A Donovan concert is never just a Donovan concert, especially when we're talking about his 50th anniversary tour, which celebrates the US release (UK had to wait a little longer due to copyright issues) of his psych-folk masterpiece Sunshine Superman. He is indeed the original troubadour, a role that comes so naturally to him he was even chosen by Jacques Demy to play the lead role in his 1972 adaptation of The Pied Piper: he enters timidly onstage, and proceeds to sit on the floor, alone with his guitar, strumming gently along beautiful poems and stopping every once in a while to tell a story with the same soothing, child-like voice we all learned to know and love.

Among these stories, many of them retold at the Olympia stage like it was the first time, lie the bright remains of what it was like to be alive and part of the music scene in 1966: his séjour in India with the Beatles and Mike Love (during which he wrote 'Hurdy Gurdy Man' and taught John Lennon finger-picking guitar techniques, leading to him to write 'Dear Prudence'); his arrest in late 1966 by the infamous Sergeant Pilcher, who would also arrest The Beatles and the Stones before being accused of perjury, subsequently being sentenced to jail for planting drugs; and even more recent ones, like him having been with Marianne Faithfull the night before the Paris gig and inviting her to attend the show (she couldn't, but sent her friend instead), or meeting two Corsican guys playing at a Parisian restaurant and getting them invites (they were enthusiastically there all right).
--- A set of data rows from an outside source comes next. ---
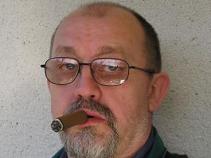 foto/diskuze/hradec_kralove_a_okoli/2010/th-img34450.jpg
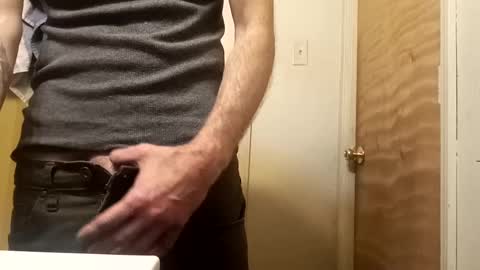 ciestep8216 online show from February 19, 2025, 12:44 pm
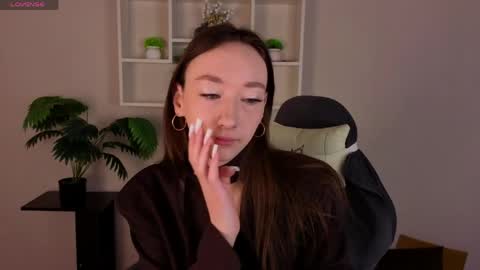 Snapshot of michelle__allen chatting on April 2026 12:53:01 AM Michelle online show from April 2026 12:53:01 AM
But what impresses the most is that Donovan, always having relied solely on his guitar and voice, still continues to do so -- and amazingly well, I must add. Even if the highest notes may be a bit trickier for him now -- and maybe they were back then too -- there are not a lot of artists, both young and old, who would be able to sustain a two-set show without having a major band backing them up, plus a nice and solid chorus covering up for them when their voice doesn't reach the notes it used to. And probably no major artist would be so available as he was after the show, signing autographs for anyone who wanted a "proof-of-contact" souvenir.

Donovan is still the honest, humble, impeccable songwriter we grew up with. Keeping alive the beautiful folk tradition of one voice, one guitar (or just the voice, as he himself told us was the Gaelic way), he manages to pull us into every little world he created within each song, which on their turn work as eternal flashbacks, cosmic proxies of a time that seems too unreal to have happened.